DATA TO USE:
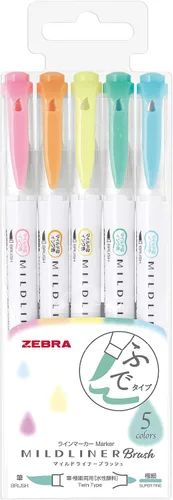 Zebra Highlighter Mildliner Brush Honnori fluorescencia color 5 colores Set, WFT8-5C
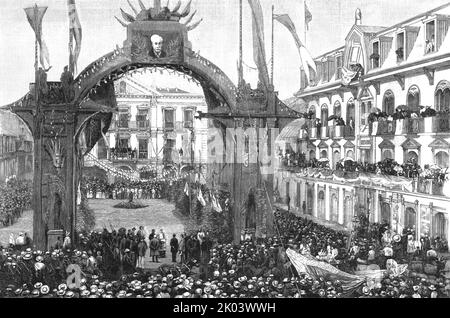 «L'inspection récente des travaux du canal de Panama par M. de Lesseps - réception de M de Lesseps à la place de la Cathédrale, Panama», 1886. Dans « The Graphic. Un journal hebdomadaire illustré Volume 33. Janvier à juin 1886 » Banque D'Images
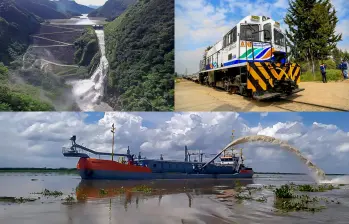El dragado de profundización del Puerto de Buenaventura; la reactivación ferroviaria, con obras como el corredor Belencito–Bogotá y la navegabilidad del río Magdalena, son algunos de los proyectos estratégicos que se deben priorizar. FOTOS: Cortesía
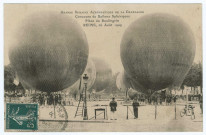 REIMS. Grande Semaine Aéronautique de la Champagne. Concours de Ballons Sphériques. Place du Boulingrin Reims, 26 août 1909.
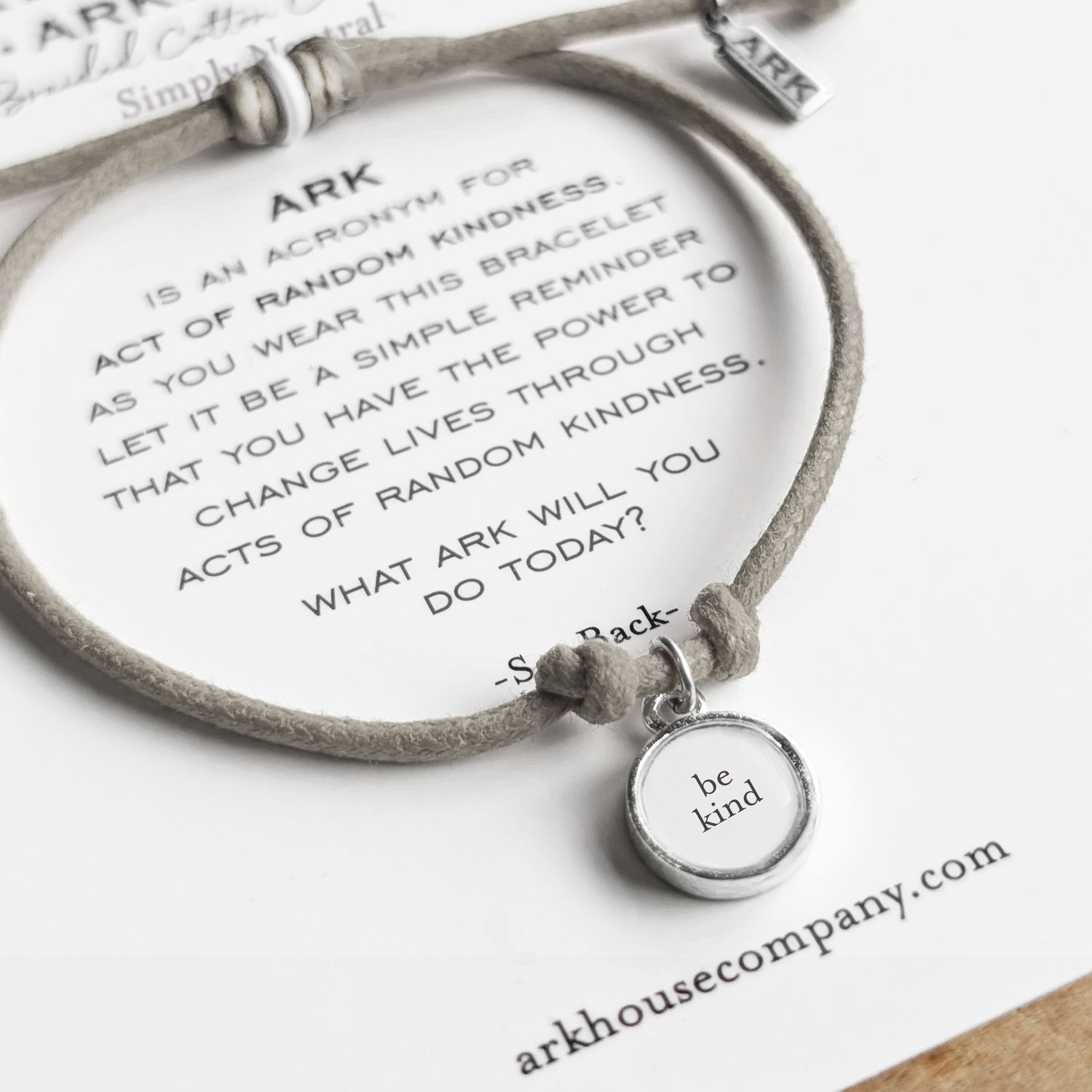 Ark Bracelet - Braided Cotton - Simply Neutral - Be Kind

WORK REQUIRED:
Reproduce every line above as written, skipping pictures.

OUTPUT:
 Zebra Highlighter Mildliner Brush Honnori fluorescencia color 5 colores Set, WFT8-5C
 «L'inspection récente des travaux du canal de Panama par M. de Lesseps - réception de M de Lesseps à la place de la Cathédrale, Panama», 1886. Dans « The Graphic. Un journal hebdomadaire illustré Volume 33. Janvier à juin 1886 » Banque D'Images
El dragado de profundización del Puerto de Buenaventura; la reactivación ferroviaria, con obras como el corredor Belencito–Bogotá y la navegabilidad del río Magdalena, son algunos de los proyectos estratégicos que se deben priorizar. FOTOS: Cortesía
 REIMS. Grande Semaine Aéronautique de la Champagne. Concours de Ballons Sphériques. Place du Boulingrin Reims, 26 août 1909.
 Ark Bracelet - Braided Cotton - Simply Neutral - Be Kind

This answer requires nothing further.